As is described, for example, in Japanese Patent No. 2682145, a printer of this type is provided with a mask recognition camera mounted to point upward on a movable stage that supports a printed wiring board and takes an image of marks provided on the mask sheet using the mask recognition camera, while it is provided with a board recognition camera provided fixedly to point downward onto the device frame and takes an image of marks on the printed wiring board by allowing the stage to move below the board recognition camera. By checking the relative positional relation of the mask sheet and the printed wiring board on the basis of these images and performing the position matching between the mask sheet and the board, the printed wiring board is superimposed on the mask sheet precisely.

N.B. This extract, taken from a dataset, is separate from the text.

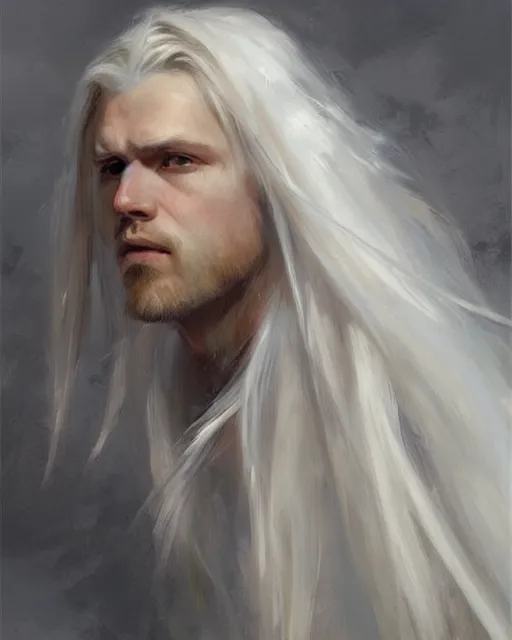 Prompt: looking down!!!!! face portrait of the one - winged!!!!!!! angel, male!!!!!!!, long white hair, by daniel gerhartz, trending on artstation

The conventional printer as above executes mark recognition on the printed wiring board (acquisition of printed wiring board position information) for each printed wiring board to be processed, whereas it executes mark recognition on the mask sheet (acquisition of mask position information) only when the mask sheet is attached to the device. This configuration is adopted on the assumption that the position of the mask sheet will not vary.
However, even without any variance in position of the mask sheet, the device as described in the cited reference has a possibility that a travel error (an error from a theoretical amount of travel) occurs in the stage with time due to thermal expansion induced in the drive mechanism while it drives the stage. Accordingly, in a case where printed wiring boards of the same type are produced continuously over a long period, when the position matching between the mask sheet and the printed wiring board is performed according to mask position information acquired through the imaging using the mask recognition camera mounted onto the stage immediately after the production is started and before a travel error occurs in the stage, and printed wiring board position information acquired through the imaging of a printed wiring board W held at the stage using the stationary camera (board recognition camera) after a travel error occurred with an elapse of considerable time for production, there is a displacement comparable to the travel error between the mask sheet and the printed wiring board and print misalignment may possibly occur with time. The prior art, therefore, is susceptible to improvement in this regard.